> DATA
┄┄┄┄┄┄┄┄┄┄

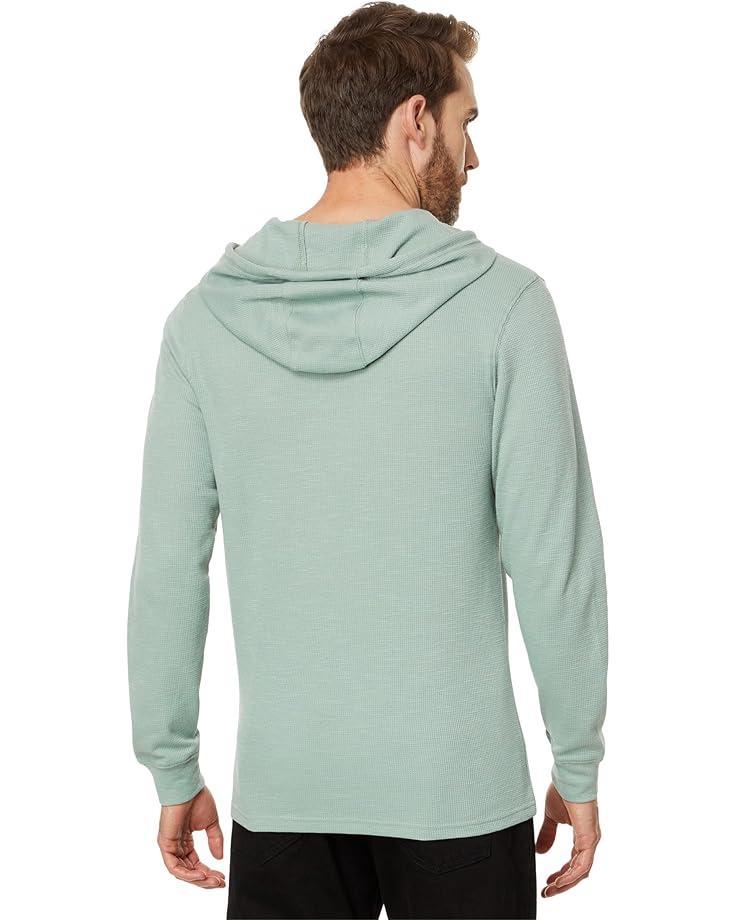 Day Shift Thermal L/S Product Image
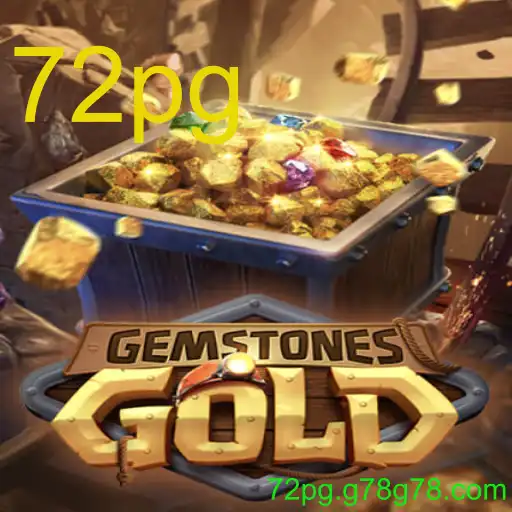 Descubra as Aventuras de GemstonesGold no Mundo 72pg
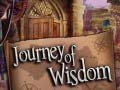 Gra Journey of Wisdom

┄┄┄┄┄┄┄┄┄┄

> AIM OF THE TASK
Reproduce every line above exactly as written, omitting the images.

> YOUR SOLUTION
 Day Shift Thermal L/S Product Image
 Descubra as Aventuras de GemstonesGold no Mundo 72pg
 Gra Journey of Wisdom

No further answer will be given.